**EXERCISE:**
Pictures are to be left out; every line from the one with "Rose of Bulgaria" through the end of the data must be transcribed exactly.

**INFORMATION SUPPLIED:**
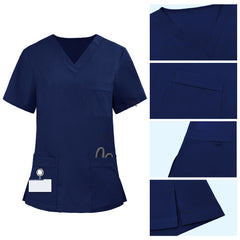 Detail of Galaxy Blue scrub top pocket with functional bungee loop for hanging keys or ID badges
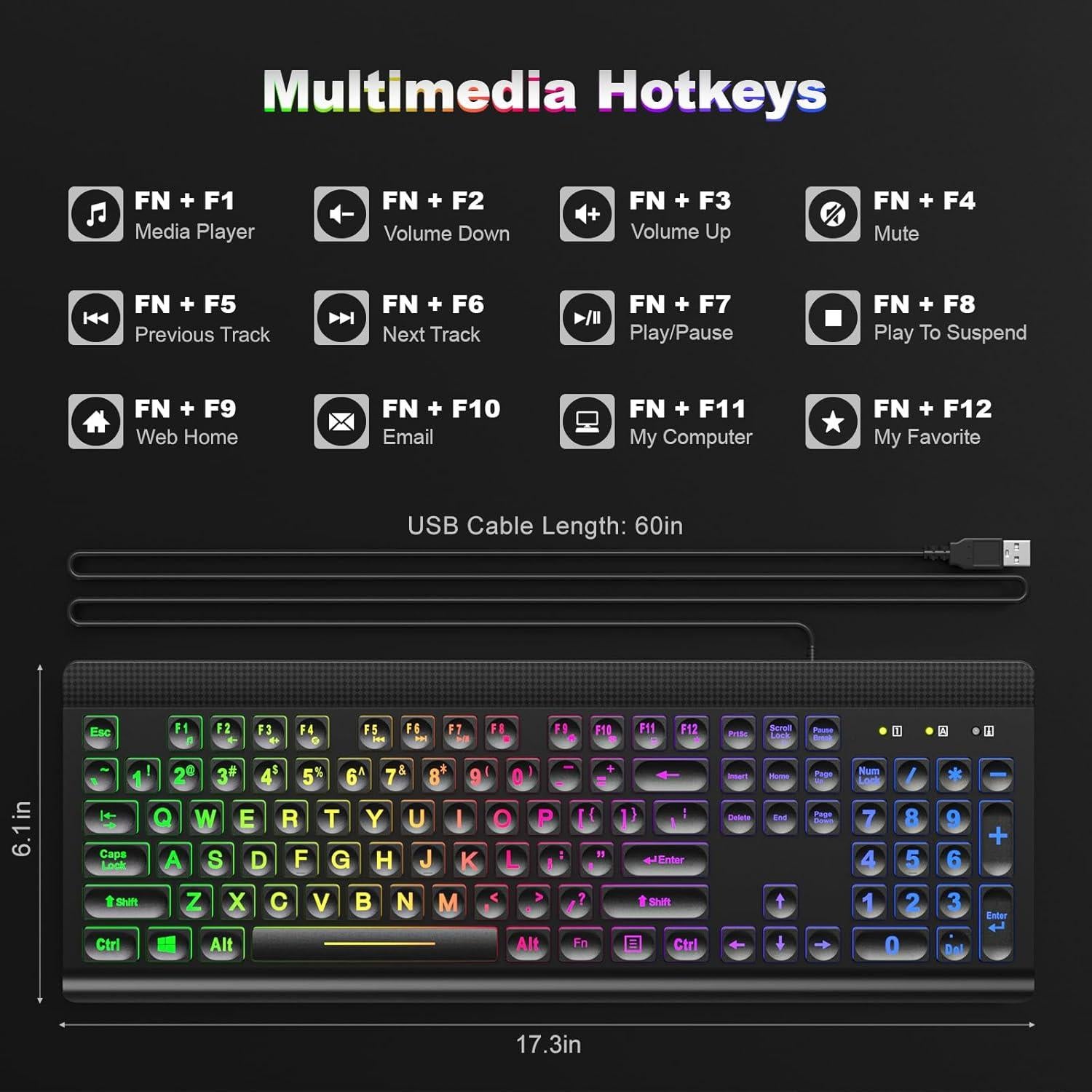 Teclado Retroiluminado USB Meidosa 72 cm LED Arcoíris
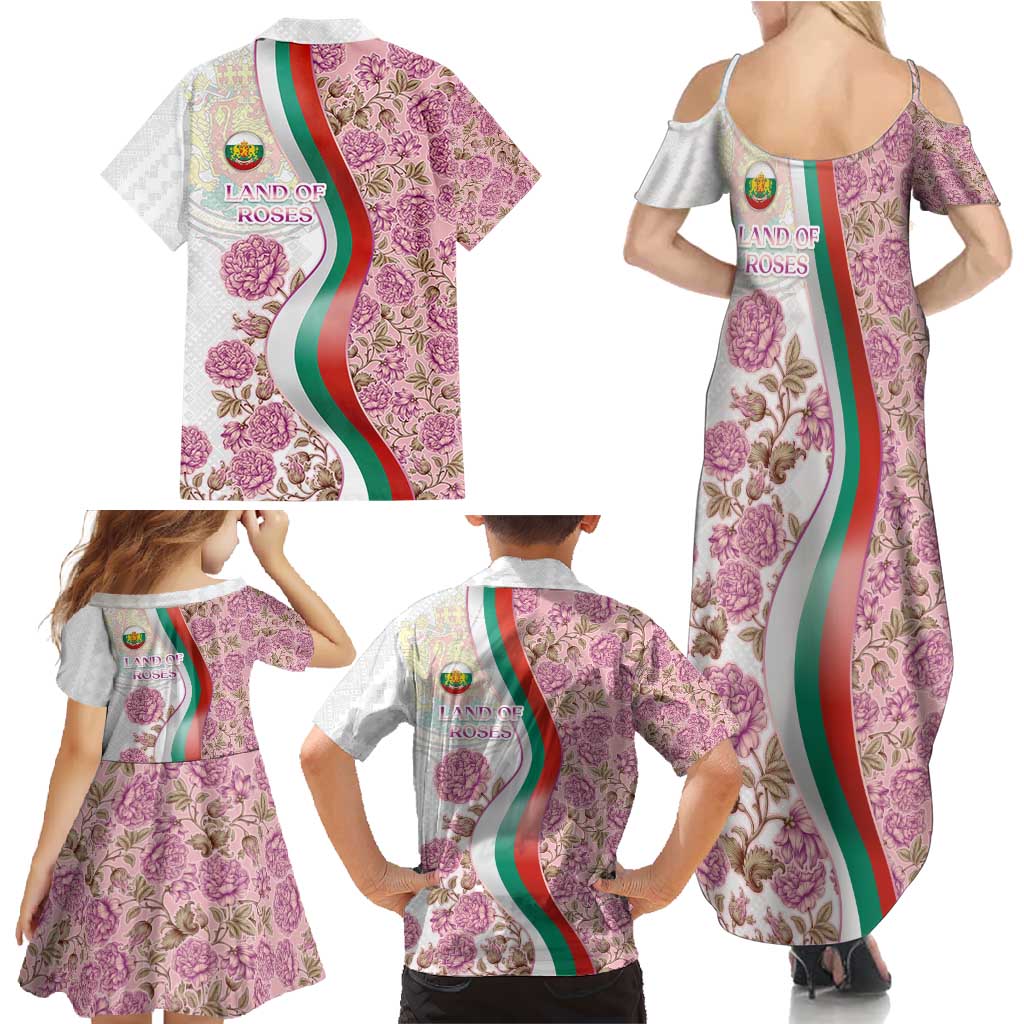 Rose of Bulgaria Family Matching Summer Maxi Dress and Hawaiian Shirt with National Flag Ribbon and Floral Damask Pattern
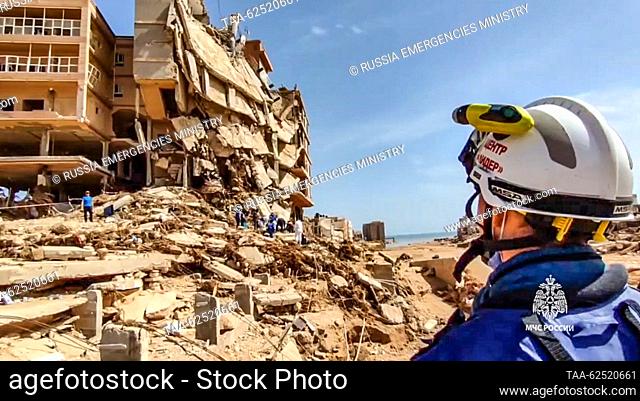 LIBYA, DERNA - SEPTEMBER 23, 2023: Employees of the Lider Centre for Special Risk Rescue Operations of Russia's Emergencies Ministry perform search and rescue...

**OUTPUT OF THE EXERCISE:**
 Rose of Bulgaria Family Matching Summer Maxi Dress and Hawaiian Shirt with National Flag Ribbon and Floral Damask Pattern
 LIBYA, DERNA - SEPTEMBER 23, 2023: Employees of the Lider Centre for Special Risk Rescue Operations of Russia's Emergencies Ministry perform search and rescue...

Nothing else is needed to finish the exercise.